Niby mieszkam na terenie nie zalewowym, żadnej rzeki, jeziora czy zbiornika wodnego, który groziłby wylaniem, a mimo wszystko wody w piwnicy mam aż nadto.....
Jeszcze żadnego roku, szczególnie o tej porze, nie miałam takiej sytuacji :(((
nitka1 2011-01-16
bardzo współczuję
bethi 2011-01-16
re:fakt, przechlapane w pełnym słowa znaczeniu:) ale najważniejsze to pozytywne podejście do sprawy. Mam nadzieję że do pokoju nie wejdzie woda:)
gonzo57 2011-01-16
To masz niezły pasztet a do wiosny jeszcze troszkę zostało
dobrunia 2011-01-16
... mam to samo w piwniczce z hydroforem ... niestety cały czas wody przybywa i robi się spięcie i nic co na prąd w garażu nie działa ... :(((, a poza tym cały trawnik pod wodą, i pole też ... :(
eljot60 2011-01-16
witaj dobrze-niedobrze zmoczona Elu ... jeśli woda jest w piwnicy, to znaczy da się przeżyć ... jeszcze kilka lat mokrych, a potem znów będą suche
- cierpliwości życzę :)
emporio 2011-01-16
uuuu nieciekawie , trzymam kciuki i slonecznych dni Ci zycze by przechlapane minelo ........
bethi 2011-01-16
re:refciu, na karpia jeszcze ciut mało wody, tylko 15 cm, ale akwarium z neonkami już mogłoby być, może płytko ale za to jaka przestrzeń:)
bethi 2011-01-16
re: emporio, jestem dobrej myśli, w pokoju jeszcze mam sucho, tyle tylko, że jak przechlapanie minie to masa pracy czeka mnie w piwnicy.:)
lech57 2011-01-16
Lata temu u nas w Krakowie gdy ktoś chodził w przykrótkich
spodniach mówiło się że ma "wodę w piwnicy",
ale współczuję
Pozdrawiam
alusia0 2011-01-16
....jeśli cie to pocieszy moja siostra też ma wode w piwnicy....powiedziano że to wody podskórne nie mają sie gdzie podziać...
marth 2011-01-16
Bardzo współczuję Elu!
Nie mam pomysłów wielu,
ale w ciągu dnia wietrz pomieszczenie,
by wilgoć nie pełzła Ci po ścianie
na kondygnację wyższą!
Jesteś mi teraz w sercu osobą naj_bliższą! :) :*
torej3 2011-01-16
To samo widziałem dziś u sąsiada,w styczniu jeszcze nigdy tak nie było... Pozdrawiam Cie cieplutko.
bethi 2011-01-16
re:Och marth-ulubiona
pomysł na nic się zda
ta woda pieprzona
sama wsiąkać ma
a jak wsiąkać zacznie i ją przyfiluję
to włączę pompkę i ją wypompuję:)
dzięki za wsparcie
eriska5 2011-01-16
straszne...ale tak jest w wielu miejscach i nie wiadomo co z tym robić?

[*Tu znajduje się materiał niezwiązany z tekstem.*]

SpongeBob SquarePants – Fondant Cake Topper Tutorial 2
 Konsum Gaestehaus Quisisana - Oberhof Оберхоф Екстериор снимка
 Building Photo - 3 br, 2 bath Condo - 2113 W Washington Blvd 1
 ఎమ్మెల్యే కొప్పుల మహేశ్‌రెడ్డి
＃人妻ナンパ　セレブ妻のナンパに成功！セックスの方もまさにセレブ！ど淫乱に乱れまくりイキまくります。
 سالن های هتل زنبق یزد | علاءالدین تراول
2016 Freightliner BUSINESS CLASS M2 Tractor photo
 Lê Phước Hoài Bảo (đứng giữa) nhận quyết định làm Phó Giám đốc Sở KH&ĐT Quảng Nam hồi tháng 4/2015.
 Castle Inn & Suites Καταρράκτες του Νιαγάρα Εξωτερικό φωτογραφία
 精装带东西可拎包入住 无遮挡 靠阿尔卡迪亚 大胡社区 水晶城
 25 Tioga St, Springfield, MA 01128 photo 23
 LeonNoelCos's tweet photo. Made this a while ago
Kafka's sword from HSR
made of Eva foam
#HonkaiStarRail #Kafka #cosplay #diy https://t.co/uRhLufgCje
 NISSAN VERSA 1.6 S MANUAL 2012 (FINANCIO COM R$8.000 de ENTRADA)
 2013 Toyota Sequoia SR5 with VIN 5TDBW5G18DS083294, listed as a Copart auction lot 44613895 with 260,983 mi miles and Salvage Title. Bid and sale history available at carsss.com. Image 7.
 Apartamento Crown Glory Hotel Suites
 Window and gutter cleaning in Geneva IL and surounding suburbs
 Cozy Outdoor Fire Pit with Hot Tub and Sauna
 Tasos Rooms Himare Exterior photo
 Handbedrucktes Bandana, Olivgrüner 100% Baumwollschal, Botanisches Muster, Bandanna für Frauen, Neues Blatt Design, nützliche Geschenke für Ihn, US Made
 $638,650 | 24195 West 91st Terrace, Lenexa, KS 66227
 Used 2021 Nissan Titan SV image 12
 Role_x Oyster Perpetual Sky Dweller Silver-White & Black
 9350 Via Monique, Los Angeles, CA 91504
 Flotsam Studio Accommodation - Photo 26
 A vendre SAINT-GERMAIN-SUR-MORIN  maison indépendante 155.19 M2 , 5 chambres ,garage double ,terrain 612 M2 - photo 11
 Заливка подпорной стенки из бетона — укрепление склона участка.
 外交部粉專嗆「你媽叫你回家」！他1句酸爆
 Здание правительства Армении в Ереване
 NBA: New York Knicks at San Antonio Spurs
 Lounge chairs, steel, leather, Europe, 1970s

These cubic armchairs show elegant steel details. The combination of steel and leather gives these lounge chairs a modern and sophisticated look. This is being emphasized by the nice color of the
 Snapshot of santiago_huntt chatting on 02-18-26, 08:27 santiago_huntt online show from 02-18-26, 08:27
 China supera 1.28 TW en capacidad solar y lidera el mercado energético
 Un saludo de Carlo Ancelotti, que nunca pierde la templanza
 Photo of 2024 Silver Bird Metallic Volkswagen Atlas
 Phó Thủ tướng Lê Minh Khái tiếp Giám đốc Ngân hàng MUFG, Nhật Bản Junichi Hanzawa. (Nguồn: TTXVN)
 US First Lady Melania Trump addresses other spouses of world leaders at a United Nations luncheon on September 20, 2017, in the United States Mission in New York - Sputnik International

Życzę dużo cierpliwości ,bo ja juz powoli tracę:)))
ewulka 2011-01-17
współczuję.....u nas w zeszłym roku po ulewnych deszczach nie można było wyjść z klatki schodowej na podwórko(początkowo woda była na 1 metr wysoka).....nasz blok jest trochę niżej położony......
latak 2011-01-17
...to się nawiosłujesz tej wody......
barbraa 2011-01-17
Witaj Elu:))...nieciekawie to wygląda...
Pozdrawiam cieplutko:)))
emporio 2011-01-17
Życze Ci słonecznego dzionka .....i oby to"przechlapanie " minelo Pozdrawiam cieplutko
lukasz9 2011-01-17
Niezbyt sympatyczny ten wodny reportaż, mam oczywiście na myśli piekiełko jakie Ci woda zgotowała, podziwiam przy tym Twoje poczucie humoru :)
Wszystkiego naj ...:)
andaba 2011-01-17
No to współczuję... Nas zalewało regularnie w tym roku od maja do sierpnia... teraz na szczęście nie.